■ **ACTIVITY**
Extract precisely the lines of the entries below, from the first line through the line containing "Snapshot of katy_sweet19".

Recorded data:
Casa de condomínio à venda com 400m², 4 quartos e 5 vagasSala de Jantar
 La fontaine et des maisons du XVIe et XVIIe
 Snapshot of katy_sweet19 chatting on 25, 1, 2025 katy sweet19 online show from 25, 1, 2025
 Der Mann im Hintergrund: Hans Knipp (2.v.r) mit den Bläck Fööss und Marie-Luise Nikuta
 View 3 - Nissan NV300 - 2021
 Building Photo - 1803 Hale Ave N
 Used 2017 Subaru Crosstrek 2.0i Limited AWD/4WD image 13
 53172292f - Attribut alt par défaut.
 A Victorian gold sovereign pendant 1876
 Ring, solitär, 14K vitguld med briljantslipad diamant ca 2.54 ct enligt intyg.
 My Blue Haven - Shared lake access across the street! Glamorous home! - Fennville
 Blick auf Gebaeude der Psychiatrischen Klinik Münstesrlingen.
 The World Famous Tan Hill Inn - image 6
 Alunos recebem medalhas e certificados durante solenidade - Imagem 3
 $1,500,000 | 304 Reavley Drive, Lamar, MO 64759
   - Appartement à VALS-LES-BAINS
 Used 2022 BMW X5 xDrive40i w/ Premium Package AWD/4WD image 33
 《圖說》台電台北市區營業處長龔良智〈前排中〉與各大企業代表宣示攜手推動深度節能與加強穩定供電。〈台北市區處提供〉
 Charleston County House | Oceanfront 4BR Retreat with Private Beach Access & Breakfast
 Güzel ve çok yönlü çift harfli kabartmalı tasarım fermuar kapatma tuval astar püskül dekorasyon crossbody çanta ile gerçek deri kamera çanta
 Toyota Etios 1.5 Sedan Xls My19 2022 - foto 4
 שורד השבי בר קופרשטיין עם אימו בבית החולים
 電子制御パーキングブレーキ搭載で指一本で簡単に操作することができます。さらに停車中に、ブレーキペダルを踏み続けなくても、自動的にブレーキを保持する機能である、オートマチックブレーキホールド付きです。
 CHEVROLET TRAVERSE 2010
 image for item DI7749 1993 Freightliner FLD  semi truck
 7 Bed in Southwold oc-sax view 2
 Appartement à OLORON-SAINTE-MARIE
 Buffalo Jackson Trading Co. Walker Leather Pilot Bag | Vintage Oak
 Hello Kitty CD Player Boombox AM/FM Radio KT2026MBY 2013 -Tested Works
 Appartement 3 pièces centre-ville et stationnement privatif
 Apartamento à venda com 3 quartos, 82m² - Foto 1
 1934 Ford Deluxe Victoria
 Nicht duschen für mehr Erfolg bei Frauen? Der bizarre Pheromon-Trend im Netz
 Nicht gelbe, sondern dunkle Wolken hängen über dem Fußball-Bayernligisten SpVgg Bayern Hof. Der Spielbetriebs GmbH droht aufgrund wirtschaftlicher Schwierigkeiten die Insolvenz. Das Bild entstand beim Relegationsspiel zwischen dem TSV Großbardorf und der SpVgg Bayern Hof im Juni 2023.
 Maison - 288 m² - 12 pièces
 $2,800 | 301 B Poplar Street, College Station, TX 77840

■ **REPLY TO THE EXERCISE**
Casa de condomínio à venda com 400m², 4 quartos e 5 vagasSala de Jantar
 La fontaine et des maisons du XVIe et XVIIe
 Snapshot of katy_sweet19 chatting on 25, 1, 2025 katy sweet19 online show from 25, 1, 2025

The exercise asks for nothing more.